Скорее — первое. Да и второго можно не опасаться. По вполне понятным причинам.
— Я влюбился в одну даму. Вдову. Она — необыкновенная женщина!
— Такое часто бывает! — дядюшка пьяно хихикнул и подмигнул, подливая еще. Себе и племяннику. — Вот была раз у меня…
Алексис с дороги предпочел налегать на фазанье жаркое и перепелов в желе. Но всё равно в голове уже предательски шумит. Слишком мало опыта в возлияниях. Потому как прежде каждый третий бокал…
Может, дядя так увлечется собственным прошлым, что напрочь забудет чужое? Пусть и недавнее?
— … в кого же влюбляться, если не во вдов, мой дорогой племянник. Помню, знал я одну… За замужнюю матрону можно схлопотать дуэль с ревнивым рогоносцем. А ревнивые рогоносцы все почему-то сплошь — хорошие дуэлянты…
Не все. Дядюшка — вряд ли. Хотя, возможно, он — рогоносец не ревнивый.

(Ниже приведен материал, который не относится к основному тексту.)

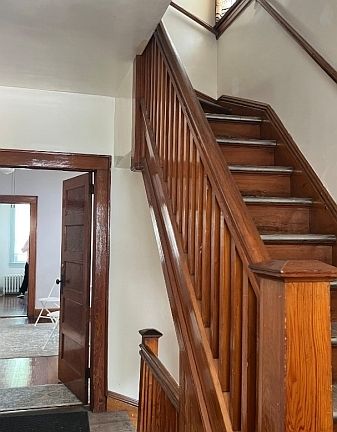 5th image of 52 Christie Ave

— Да… о чём я? О матронах! Так вот — о них лучше забыть. А девицу в жены всё равно подберут родители. И правильно. Надо же, чтобы порядочная, из хорошей семьи…
Вряд ли тогда кузину Валерию посчитают подходящей невестой. Хотя змеи знают, какие в этой Сантэе семьи числятся в хороших. Может, тут и тетушка — из такой. В тридцатом поколении. Прямой потомок какого-нибудь языческого бога. В Квирине такое вспоминать любят.
— А то от дурной матери…
Впрочем, может, дурная мачеха не в счет? Как и вечно пьяный отец? И дом — не респектабельный, а терпимости?
В голове жужжат пчелы. Всё сильнее. И навязчивее.
Плохо.
— Вот моя Валерия… И Марцеллина…
Алексис, ты — дурак? Слушай внимательнее. Может, дядя как раз о дурном влиянии мачехи и говорит?
— … Валерии повезло со второй матерью. Клодия — прекрасна и целомудренна, как виргинка.
Ага. А дядя — трезвенник, как магистр михаилитов.
Вот только на самом деле, увы, слеп как крот.